§ **WORK REQUEST**
Write the whole listing out again, word for word.

__________

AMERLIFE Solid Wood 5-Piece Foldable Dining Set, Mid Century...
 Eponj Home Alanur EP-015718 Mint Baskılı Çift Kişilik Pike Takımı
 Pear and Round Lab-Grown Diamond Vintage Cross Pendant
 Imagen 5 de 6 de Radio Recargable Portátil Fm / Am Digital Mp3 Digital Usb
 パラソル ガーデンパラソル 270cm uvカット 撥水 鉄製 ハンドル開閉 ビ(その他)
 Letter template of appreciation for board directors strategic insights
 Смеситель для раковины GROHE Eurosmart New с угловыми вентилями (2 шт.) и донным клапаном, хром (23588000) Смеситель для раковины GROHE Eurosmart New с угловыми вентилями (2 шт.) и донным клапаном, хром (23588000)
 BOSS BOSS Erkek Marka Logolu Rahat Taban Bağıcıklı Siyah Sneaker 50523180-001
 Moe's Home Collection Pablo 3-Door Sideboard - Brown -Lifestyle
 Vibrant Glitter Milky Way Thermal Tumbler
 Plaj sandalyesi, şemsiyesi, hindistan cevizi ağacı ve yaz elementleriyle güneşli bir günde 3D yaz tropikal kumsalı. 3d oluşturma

__________

§ **EXERCISE SOLUTION**
AMERLIFE Solid Wood 5-Piece Foldable Dining Set, Mid Century...
 Eponj Home Alanur EP-015718 Mint Baskılı Çift Kişilik Pike Takımı
 Pear and Round Lab-Grown Diamond Vintage Cross Pendant
 Imagen 5 de 6 de Radio Recargable Portátil Fm / Am Digital Mp3 Digital Usb
 パラソル ガーデンパラソル 270cm uvカット 撥水 鉄製 ハンドル開閉 ビ(その他)
 Letter template of appreciation for board directors strategic insights
 Смеситель для раковины GROHE Eurosmart New с угловыми вентилями (2 шт.) и донным клапаном, хром (23588000) Смеситель для раковины GROHE Eurosmart New с угловыми вентилями (2 шт.) и донным клапаном, хром (23588000)
 BOSS BOSS Erkek Marka Logolu Rahat Taban Bağıcıklı Siyah Sneaker 50523180-001
 Moe's Home Collection Pablo 3-Door Sideboard - Brown -Lifestyle
 Vibrant Glitter Milky Way Thermal Tumbler
 Plaj sandalyesi, şemsiyesi, hindistan cevizi ağacı ve yaz elementleriyle güneşli bir günde 3D yaz tropikal kumsalı. 3d oluşturma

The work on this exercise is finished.